(WHAT IS EXPECTED)
Print exactly and only the lines that run from the one containing "19th.C Indian Bronze Plaque w Buddha" through the end of the material, please, omitting pictures.

(GIVEN INFORMATION)
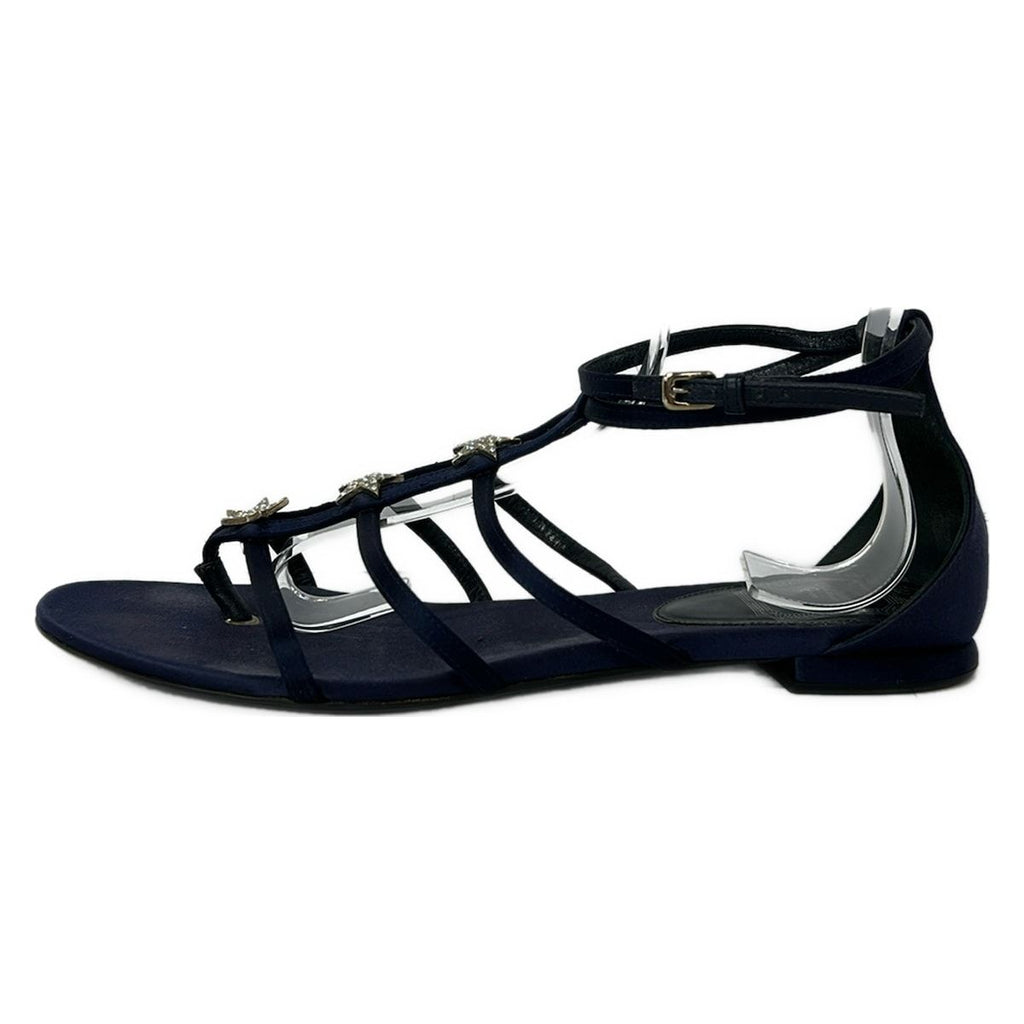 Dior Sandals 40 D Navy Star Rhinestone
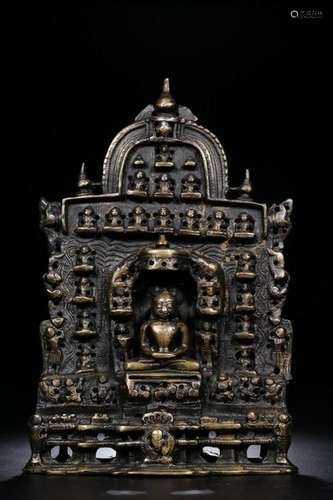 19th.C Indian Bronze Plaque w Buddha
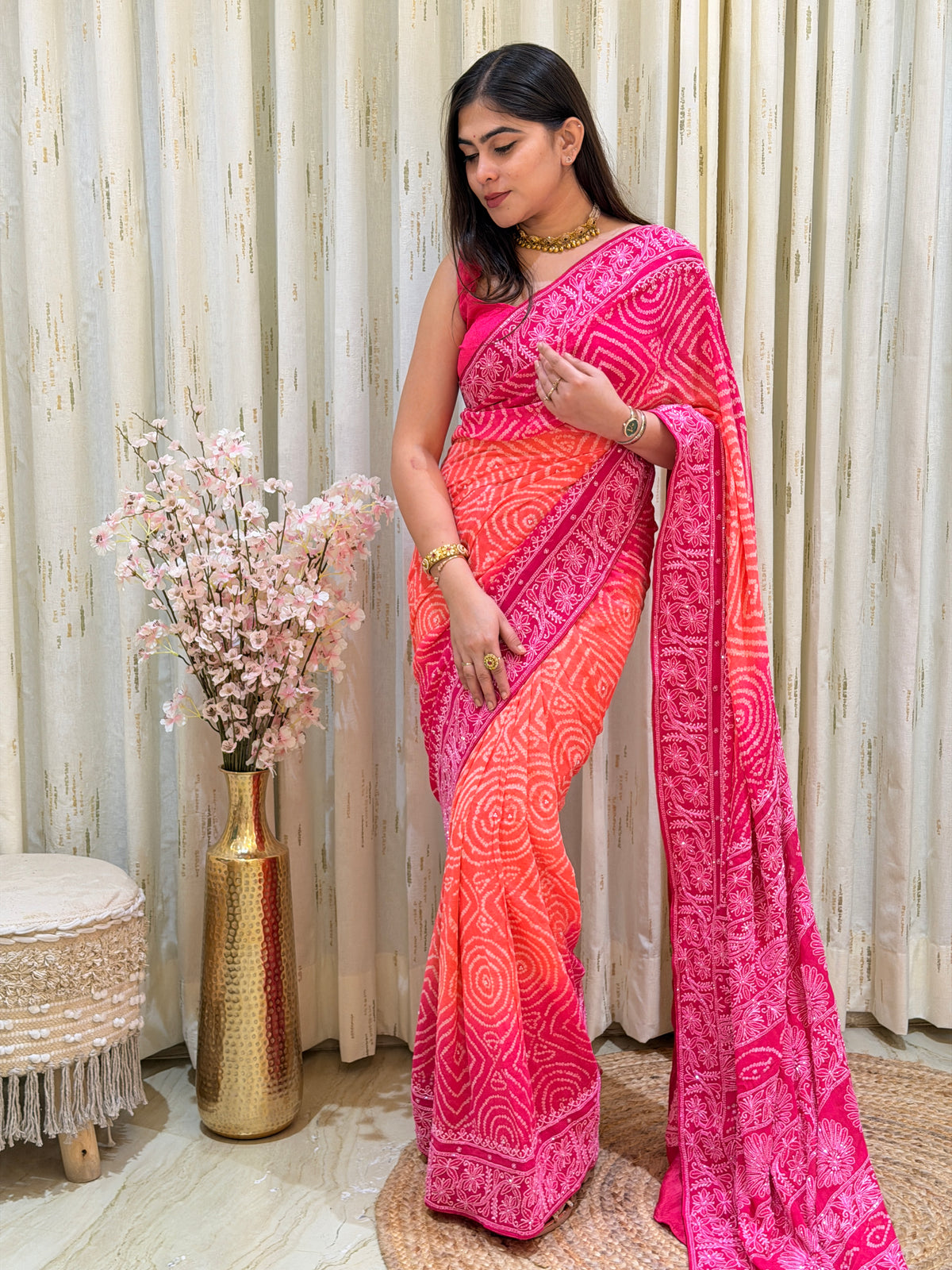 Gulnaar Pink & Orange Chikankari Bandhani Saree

(SOLVED PROBLEM)
 19th.C Indian Bronze Plaque w Buddha
 Gulnaar Pink & Orange Chikankari Bandhani Saree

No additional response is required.